- **WORK TO COMPLETE**:
Where a line contains the word "Silver", copy that line from the records below.

━━━━━━━━━━

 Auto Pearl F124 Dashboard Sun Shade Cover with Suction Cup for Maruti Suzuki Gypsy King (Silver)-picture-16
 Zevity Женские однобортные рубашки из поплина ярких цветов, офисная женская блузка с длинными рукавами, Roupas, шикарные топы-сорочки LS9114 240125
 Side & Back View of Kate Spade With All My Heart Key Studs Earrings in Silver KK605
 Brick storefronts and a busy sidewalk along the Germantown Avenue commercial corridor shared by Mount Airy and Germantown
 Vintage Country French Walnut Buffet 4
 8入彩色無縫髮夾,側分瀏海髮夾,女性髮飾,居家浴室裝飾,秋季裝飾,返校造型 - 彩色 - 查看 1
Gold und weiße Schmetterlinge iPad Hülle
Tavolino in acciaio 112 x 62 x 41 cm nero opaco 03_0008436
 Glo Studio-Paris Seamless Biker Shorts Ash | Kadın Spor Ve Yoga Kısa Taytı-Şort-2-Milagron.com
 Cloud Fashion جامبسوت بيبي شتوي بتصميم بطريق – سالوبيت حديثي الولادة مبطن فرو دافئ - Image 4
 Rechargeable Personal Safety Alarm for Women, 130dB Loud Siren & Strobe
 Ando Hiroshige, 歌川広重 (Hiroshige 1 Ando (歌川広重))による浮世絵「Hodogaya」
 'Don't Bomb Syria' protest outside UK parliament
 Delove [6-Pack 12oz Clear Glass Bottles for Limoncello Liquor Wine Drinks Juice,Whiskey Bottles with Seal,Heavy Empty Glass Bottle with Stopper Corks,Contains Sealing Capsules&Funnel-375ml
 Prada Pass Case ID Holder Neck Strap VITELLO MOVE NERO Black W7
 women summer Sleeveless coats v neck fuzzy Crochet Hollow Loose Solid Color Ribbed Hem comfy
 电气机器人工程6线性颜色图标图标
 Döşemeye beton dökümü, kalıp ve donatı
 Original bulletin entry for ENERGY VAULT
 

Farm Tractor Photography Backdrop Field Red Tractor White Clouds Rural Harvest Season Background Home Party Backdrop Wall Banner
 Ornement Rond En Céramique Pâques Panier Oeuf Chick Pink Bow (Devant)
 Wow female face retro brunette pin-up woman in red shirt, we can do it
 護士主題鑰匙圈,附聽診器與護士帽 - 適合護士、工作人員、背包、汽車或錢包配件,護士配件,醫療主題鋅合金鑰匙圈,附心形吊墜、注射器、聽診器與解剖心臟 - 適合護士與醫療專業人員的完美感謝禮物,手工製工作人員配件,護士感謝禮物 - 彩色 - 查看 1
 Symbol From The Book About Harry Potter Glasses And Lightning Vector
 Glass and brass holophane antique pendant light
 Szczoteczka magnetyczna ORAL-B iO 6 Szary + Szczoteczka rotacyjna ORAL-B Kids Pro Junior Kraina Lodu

━━━━━━━━━━

- **TASK SOLUTION**:
 Auto Pearl F124 Dashboard Sun Shade Cover with Suction Cup for Maruti Suzuki Gypsy King (Silver)-picture-16
 Side & Back View of Kate Spade With All My Heart Key Studs Earrings in Silver KK605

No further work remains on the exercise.